This is a project to create Taxsim 22 variable files from the March CPS
files. I start with IPUMS data. While a program (cps229.sas) exists, it
has not been fully debugged and tested. I becamse discouraged when the
following problems became apparent:
DEPSTAT:
This is an indicator that is supposed to point from the dependent to the taxpayer,
but is has several problems beyond the difficulty in knowing if a person receives
half or more of his support from the taxpayer:
1) Available 2004+ only
2) for 2004-2005 the taxpayer's spouse is (always?) shown as a dependent, which
is not consistent with the tax law.
3) for 2006 all married taxpayers are listed as dependent of each other, which
is confusing, as well as wrong.
4) for 2004-2006 many taxpayers are shown as dependent on themselves.

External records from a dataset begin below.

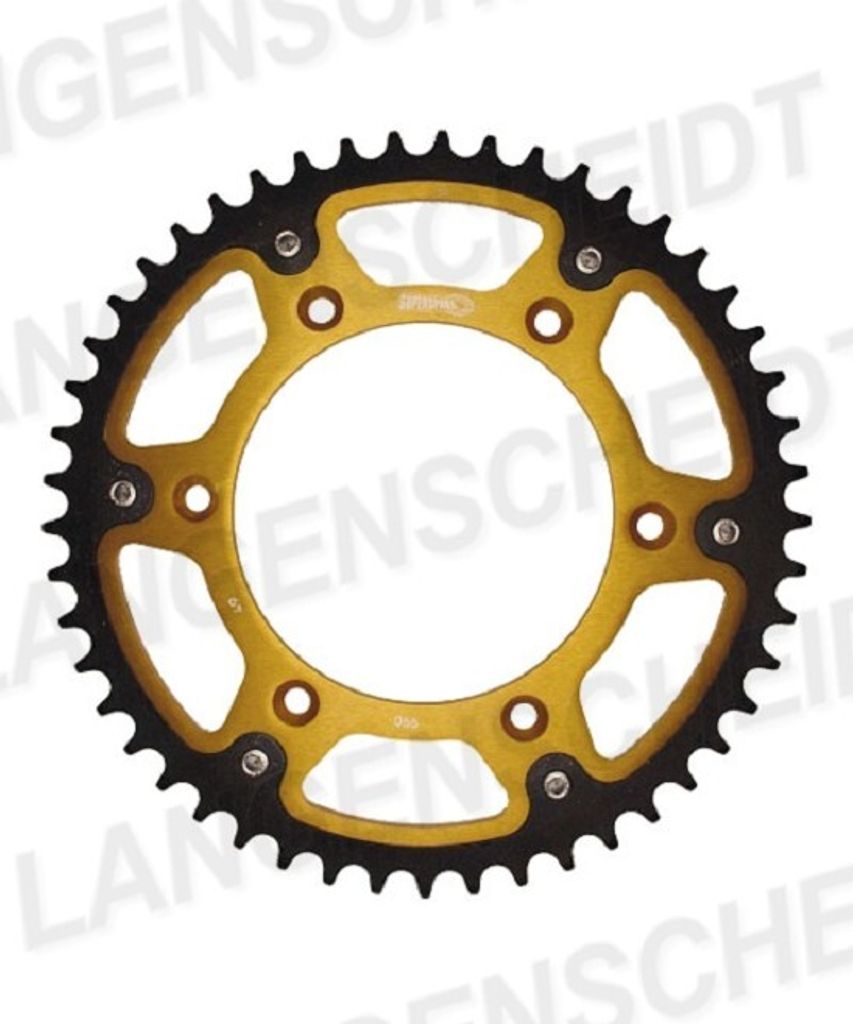 899 46 Stealth (Stahl/Aluminium) Für Ktm Sx/Exc (Jtr897.46) Hinteres Super Ritzel Goldfarben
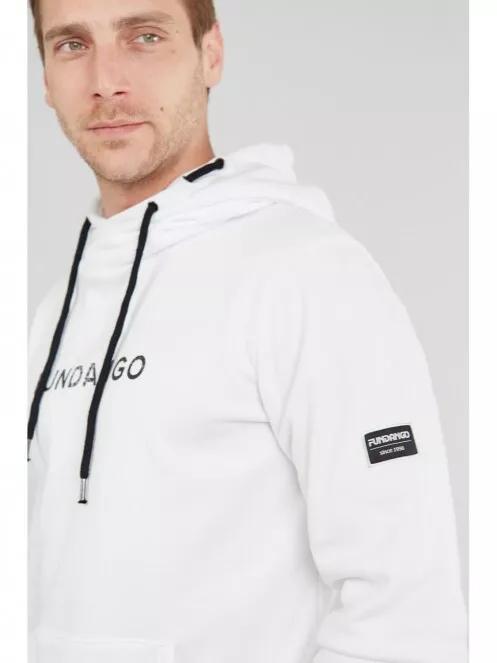 Fundango Hoover Hooded sweatshirt herren kapuzenpullover weiß 4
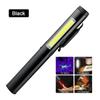 USB Rechargeable UV Flashlight 4 In 1(UV/LED/COB)Multifunctional Mini LED 4 Light Sources Pen Clip Flashlight with Indicator
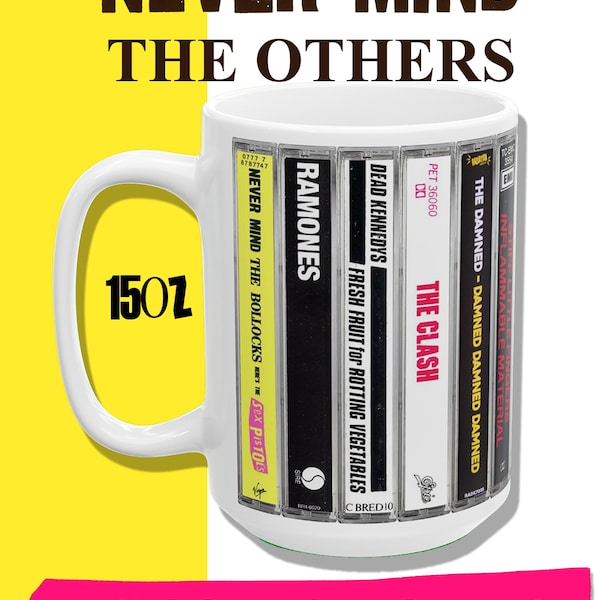 Punk Music Cassette Album 15oz Mug - Gift for Punk Music Fans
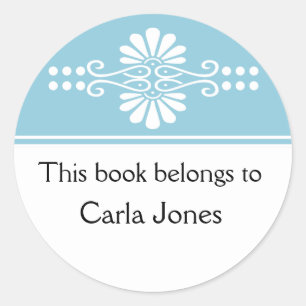 O azul este livro pertence às etiquetas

In 2004
and 2005 many of these are very young, and a momloc or poploc is shown and
usually little or no income. In 2006 this appears to indicate a child with
significant income.
5) for 2007+ this seems correct.
6) for all years, the depstat points to the person line number (lineno)

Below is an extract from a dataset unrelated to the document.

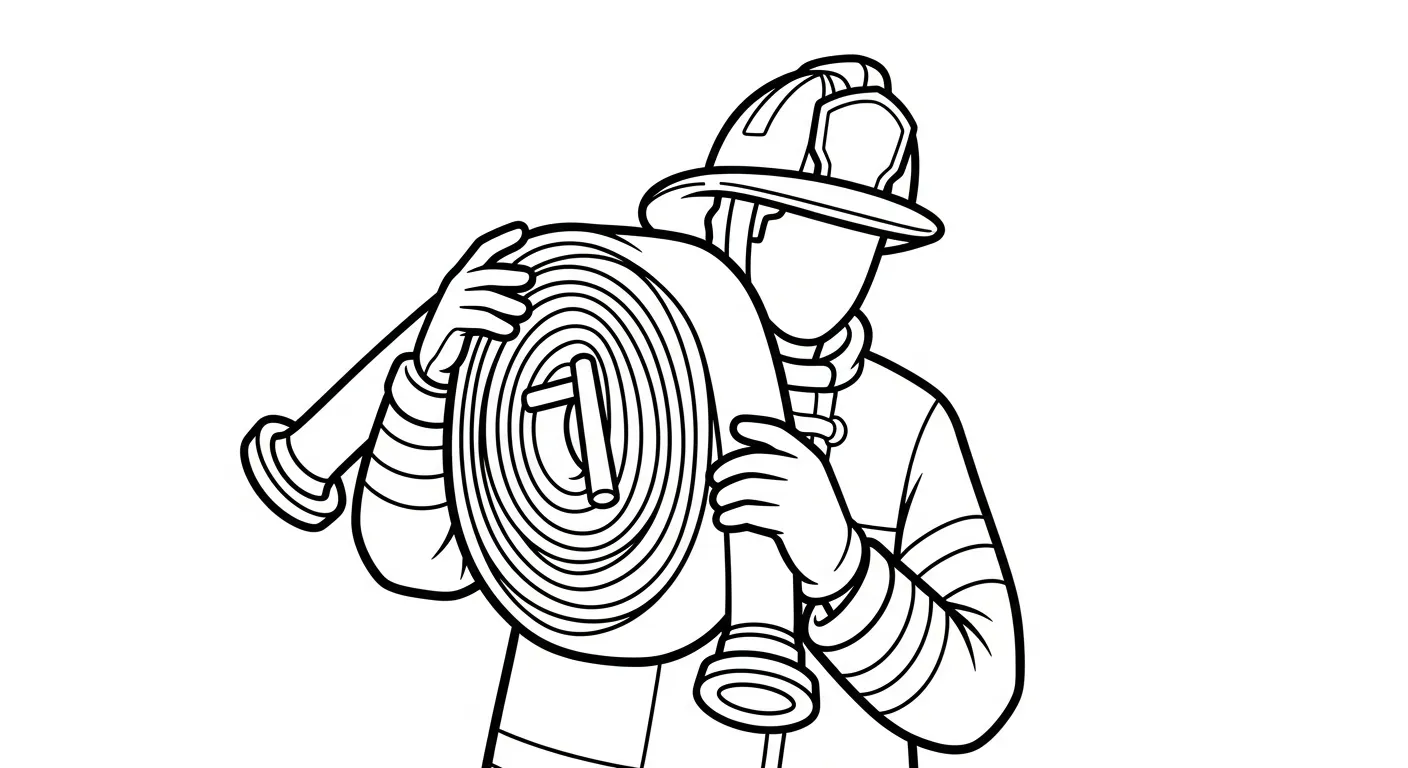 coloriage Pompier en ligne pour enfant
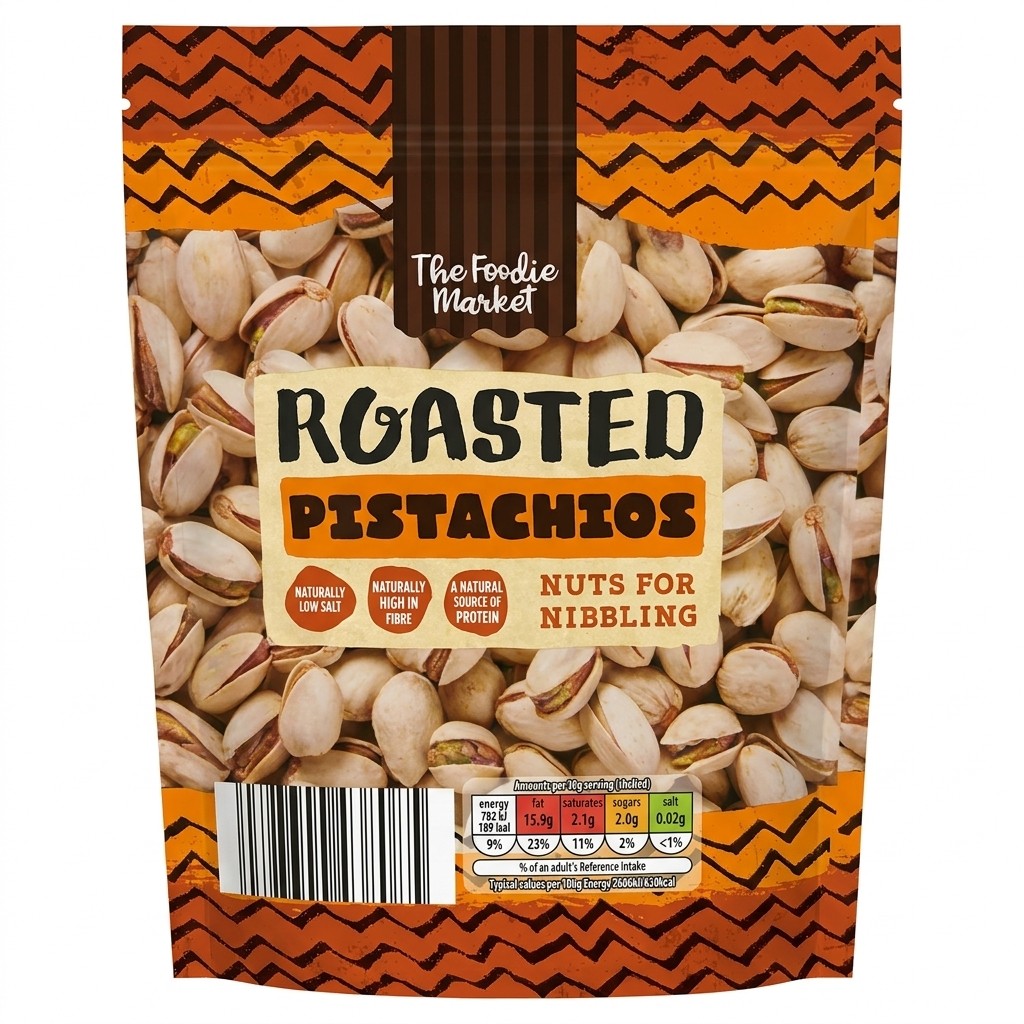 The Foodie Market Roasted Pistachios 200g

rather than to the person number (pernum), making for rather complex
programming to unite parents and children.
Proposed corrections are to change DEPSTAT to zero for all married persons and for
persons dependent on themselves, change DEPSTAT to zero if they have income, and
to momloc or poploc if they don't. It would be an uncorrectable error for an
individual with no income to have no parent.
FILESTAT
The correspondence between AGI and filing isn't consistent through time. There is
legitimate ambiguity as to which low income individuals will file, and the CPS
changes its decision rule for of low income individuals through time. But
sometimes high income individuals are not shown as filing, which can't be right.

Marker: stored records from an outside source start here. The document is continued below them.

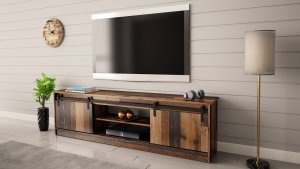 Cama Meble Szafka RTV GRANERO 200x56,7x35 old wood 5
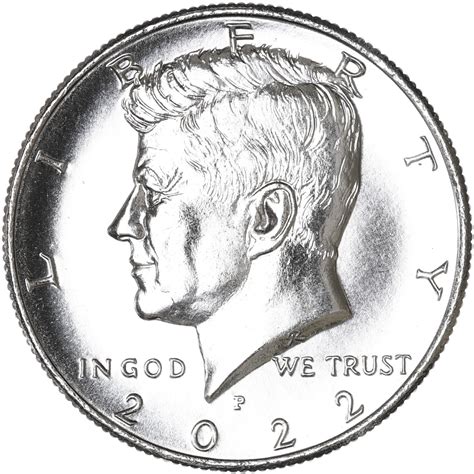 2022 P Kennedy Half Dollar Cn Clad Gem Bu Us Coin Daves Collectible Coins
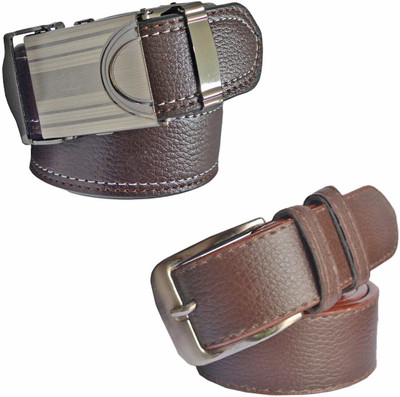 

LOOPA Men Formal Brown Synthetic Belt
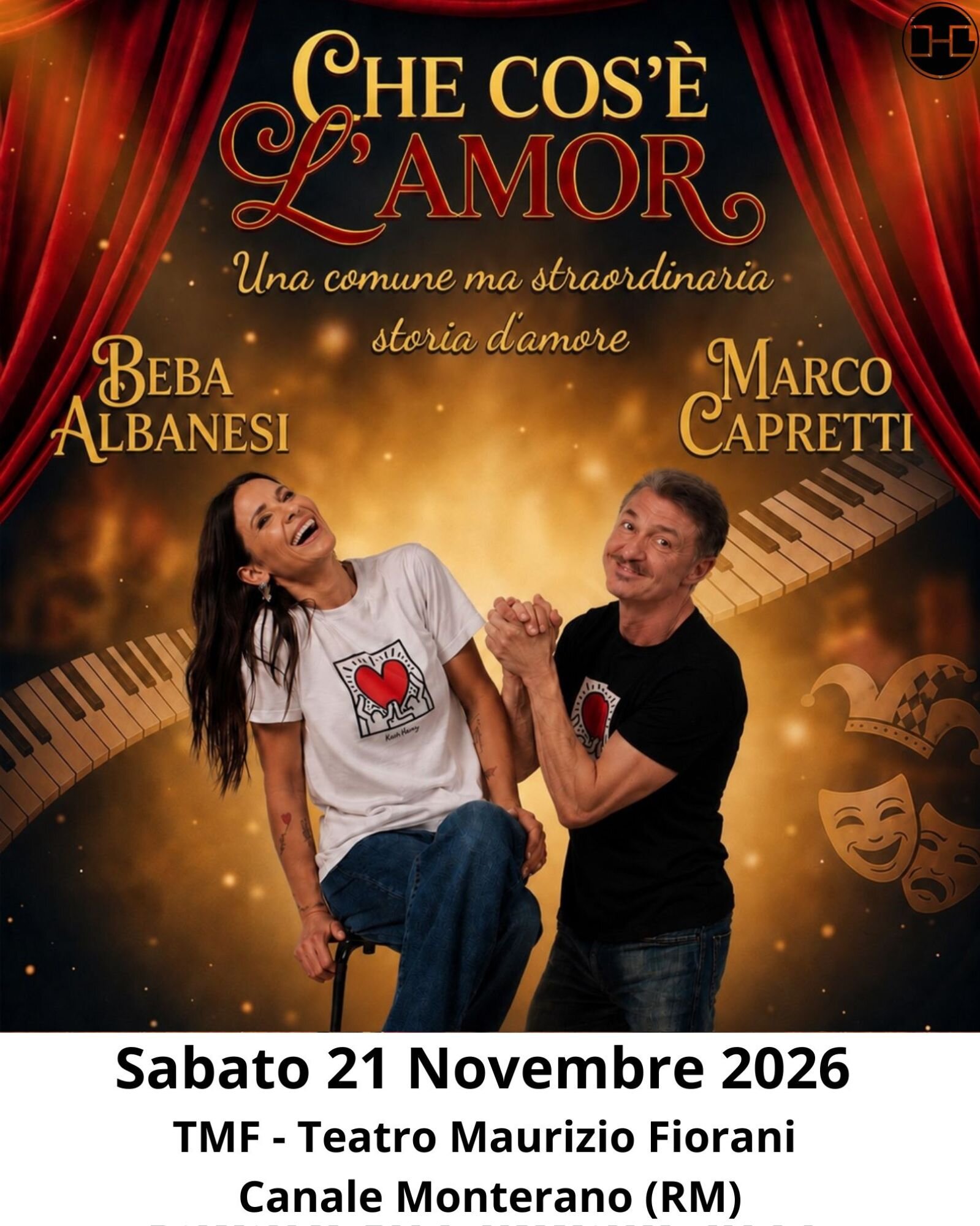 Sabato 21 Novembre 2026 - Marco Capretti e Beba Albanesi live @ TMF - Teatro Maurizio Fiorani di Canale Monterano (RM)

7) For 2007+ a small percentage of non-filers have non-zero AGI and FEDTAX. Of
course a small AGI is compatible with non-filing, however 47 of these have AGI
so high it is top-coded, and anyone with FEDTAX should surely file.
8) For 2004 and 2005 there are 74,000+ non-filers with AGI of zero, and only
7 (2004) and 4,472 (for 2005) filers with AGI of zero. For all other years
there are 25,000 to 42,000 filers with AGI of zero.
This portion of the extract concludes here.